Zaniepokojony tą sytuacją natychmiast powiadomił służby ratunkowe, a dziecku zapewnił schronienie w ciepłym pojeździe.
Do niecodziennego zdarzenia doszło wczoraj około godziny 6.00 w Stargardzie na osiedlu Hallera, gdzie 23-letni mężczyzna po tym jak jego żona wyszła do pracy postanowił wykorzystać czas, kiedy dziecko jeszcze śpi i wyszedł z psem na spacer. Niestety w tym czasie 4-latek obudził się i widząc, że jest sam wyszedł z niezamkniętego mieszkania.

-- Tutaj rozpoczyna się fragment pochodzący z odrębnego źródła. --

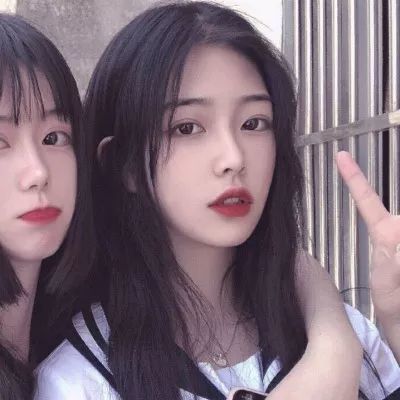 闺蜜头像一人一半真人2张分开真人闺头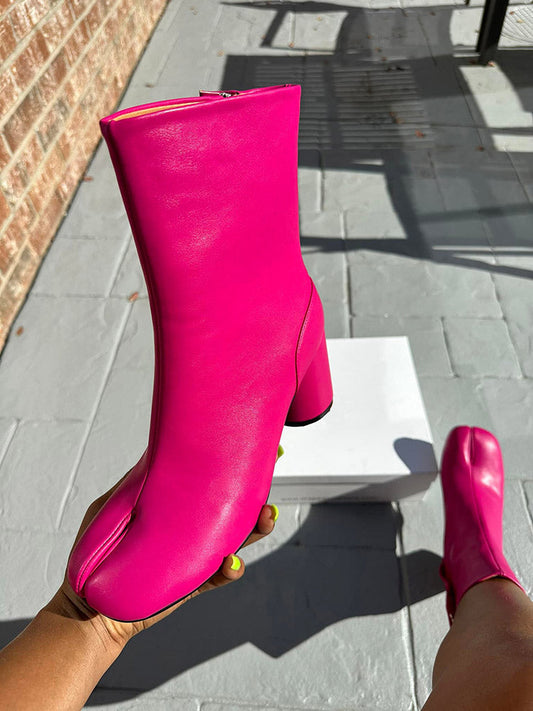 Handcrafted Split Toe Chunky Heel Boots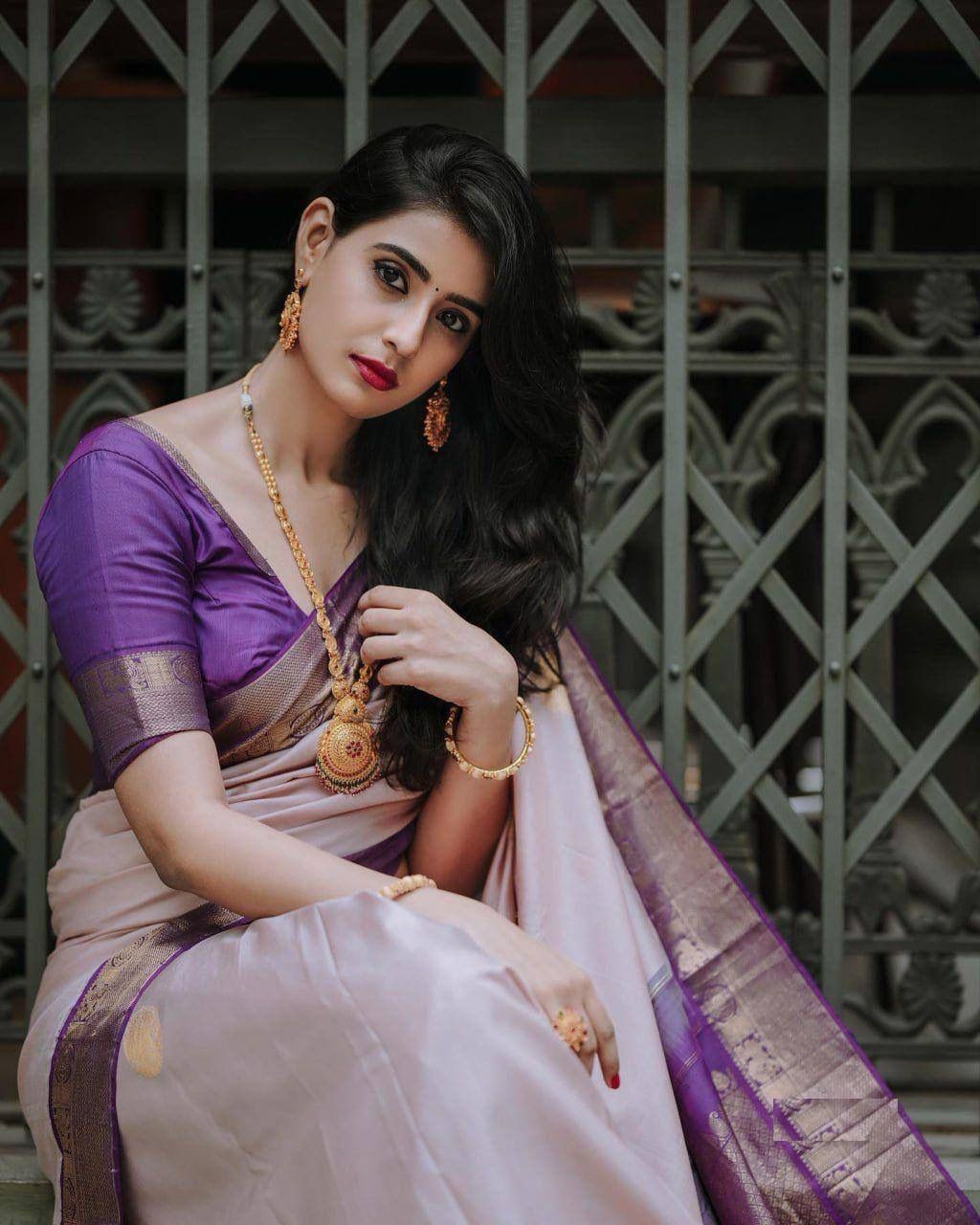 Woven Saree with Contrast Zari Border & Tassels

Szczęśliwie szybko dostrzegł go przejeżdżający ulicą Al. Żołnierza Boczna taksówkarz, który nie pozostał obojętny na niemal nagiego chłopca, bo maluch szedł boso w majteczkach i koszulce. Mężczyzna schronił dziecko w ciepłym pojeździe, a o zdarzeniu natychmiast powiadomił służby ratunkowe.
Funkcjonariusze policji nie musieli długo szukać ojca dziecka, który wchodząc do mieszkania zaniepokojony nieobecnością dziecka wybiegł przed klatkę gdzie w pobliżu dostrzegł sygnały świetlne służb ratunkowych. Załoga pogotowia zbadała dziecko, które jak się okazało nie doznało żadnych obrażeń ciała.
Teraz mundurowi przyjrzą się rodzinie, czy opieka sprawowana nad dzieckiem jest właściwa, a sytuacja była incydentalna.